Anonymous Leaks Secret New York Times Correspondences That Reveal Reporters' Shocking Competence
Anonymous declared war on the New York Times this week, launching "OpNYT" on Wednesday. Unlike most actions by the crippled hacktivist collective these days, their attack on the Times doesn't just consist of writing boring, unreadable manifestos (though there is a lot of that). Anonymous has leaked 'secret' correspondences between New York Times reporters and Anonymous members, meant to expose the Times' "incompetence." Unfortunately for Anonymous, the documents reveal the exact opposite.
Last night, Anonymous fameball Barrett Brown promised on Twitter that Anonymous would "release correspondence with NYT showing incompetence on [national security] reporting." The correspondences were published soon after on the hacker document-sharing site Pastebin under the heading "The Secret History of the New York Times's National Security Failure."
But anyone looking for evidence of anything other than journalists doing their job will be sorely disappointed. The leak amounts to Anonymous whining that the Times has not breathlessly hyped all of the groups' crackpot schemes and conspiracy theories.
One correspondence from 2011 consists of an Anonymous representative tipping off a Times reporter about the hack of the security firm HBGary, and the leak of a huge cache of their emails. The reporter responds:
"I told [redacted] that I don't think this is an NYT story right now, but that I want to try and do something longer on all of this in the next week or two."
The Times eventually did publish an in-depth article about the HBGary hack and revelations that the firm had proposed a plan to disrupt Wikileaks. But that was not enough for whoever wrote the press release accompanying yesterday's leak. They complain that the Times didn't see "fit to cover" every single boring detail in the leaked email cache.

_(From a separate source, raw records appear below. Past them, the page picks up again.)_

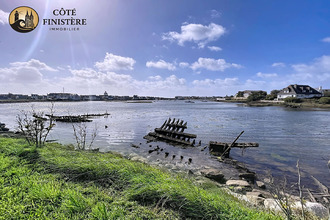 achat maison treffiagat 29730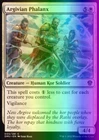 Argivian Phalanx [Foil] #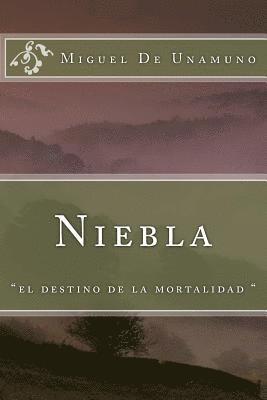 Niebla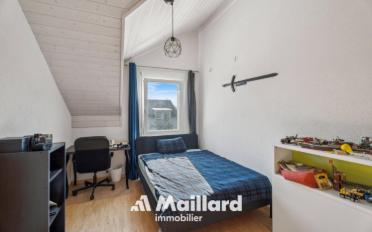 Einfamilienhaus 4.5 Zimmer - image - 11
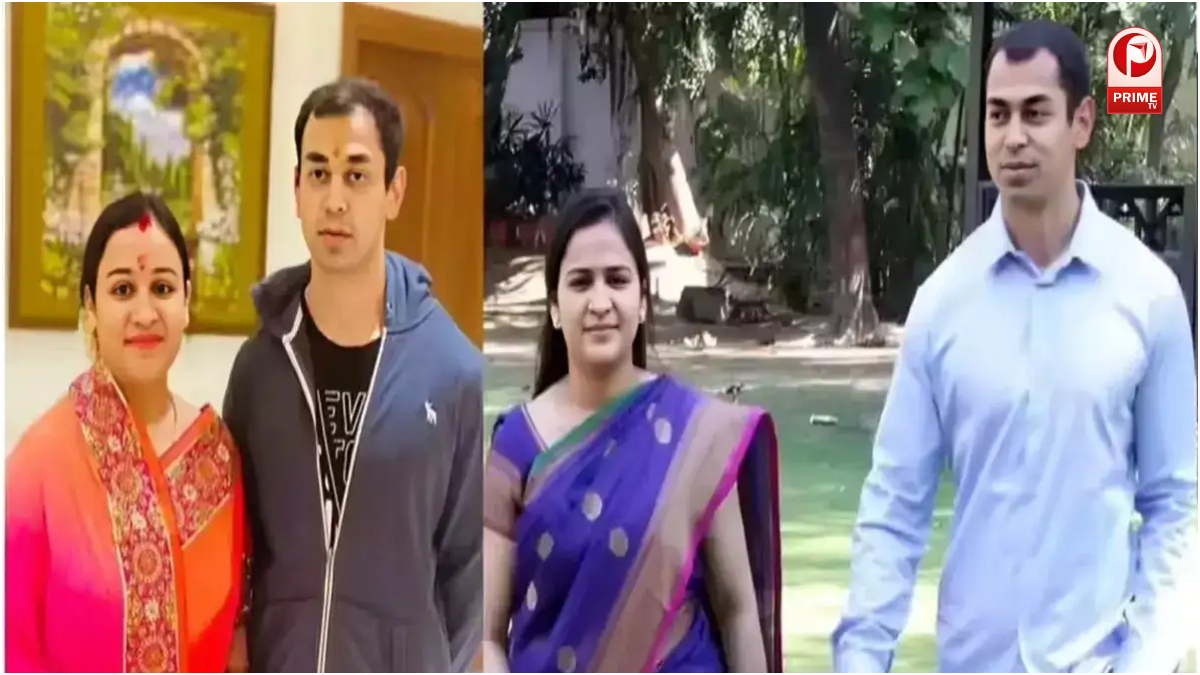 Prateek Yadav Death Case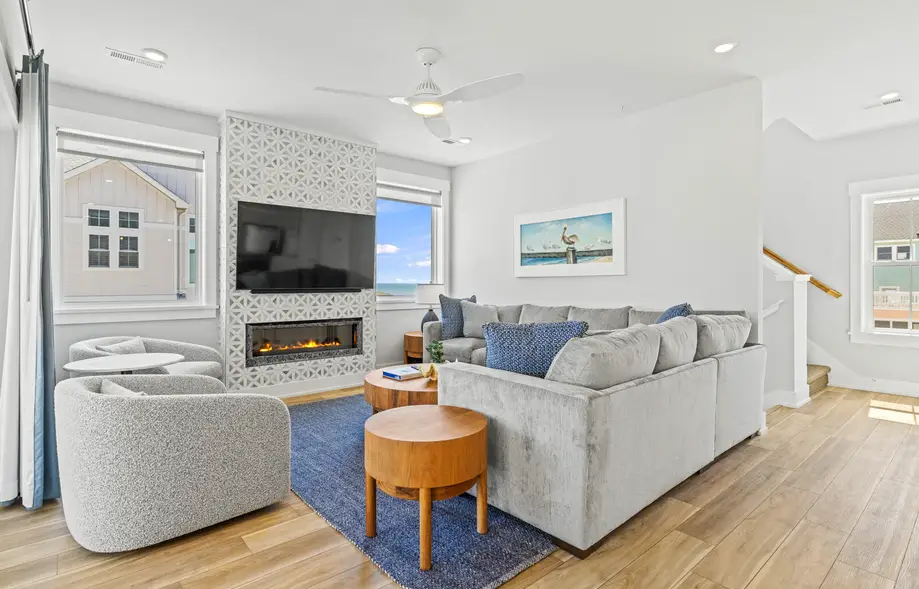 K7312 Banks Breeze 4 Bedroom Home at The Tides
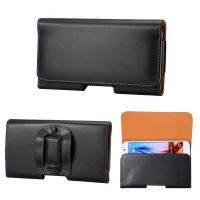 ✗◆✥ Black Leather Case Belt Clip For Lg G3 IPhone 4 5S 6 Plus Samsung Galaxy S6 S5 Note 4 3 2 N7100 meizu mx4 Lenovo s850 Phone Case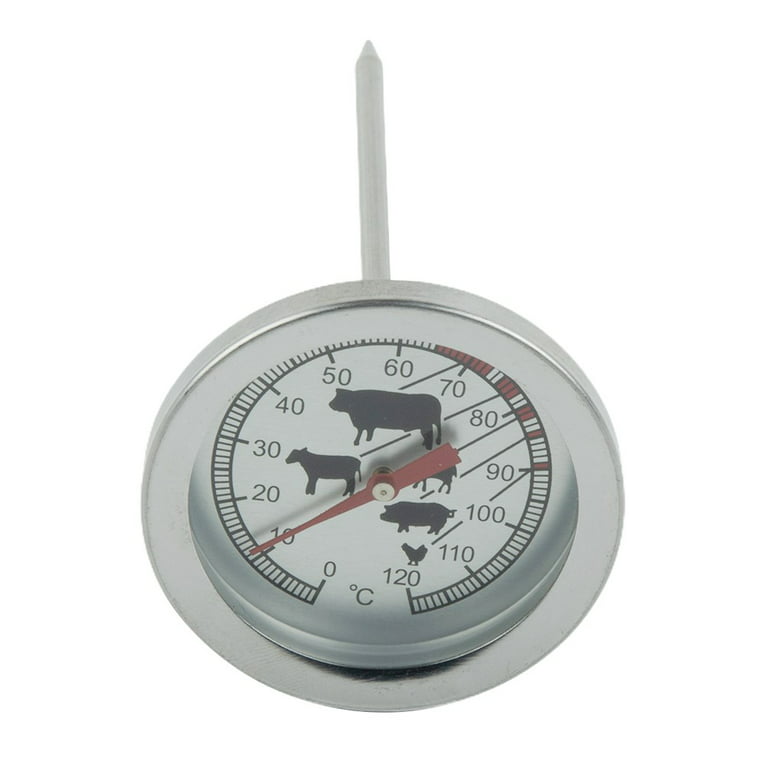 Analoges Backofenthermometer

The second supposedly incriminating leaked correspondence actually reveals how full of shit Anonymous is. It's a long chat with a Times reporter during this year's fake "Operation Cartel." If you remember, OpCartel was a campaign against Mexico's notorious Zetas drug cartel, supposedly launched in retaliation for the Zetas kidnapping an Anonymous member. There was never any proof that the kidnapping occurred, and the Zetas conveniently "released" their prisoner before the operation even started. This was the "Canadian girlfriend" of Anonymous campaigns.
In the leaked chat, the reporter asks, "What evidence have you seen that the kidnap really happened?"
"None," responded the Anonymous rep. "Nor would I have expected to as we have no intention of providing a chance that the person could be identified."
The reporter continues to press the Anon for even a shred of evidence:
[redacted]: I'm going to ask a stupid question.
If no one has any evidence a person was kidnapped, how do you know a person was kidnapped?
5:29 PM me: I'm relying on the account of someone I've known and worked with in the past and whom I believe to be telling the truth based on the nature of her responses as well as other details I can't go into due to the present situation
5:30 PM Obviously if I were functioning as a journalist, that wouldn't be sufficient. But in this case...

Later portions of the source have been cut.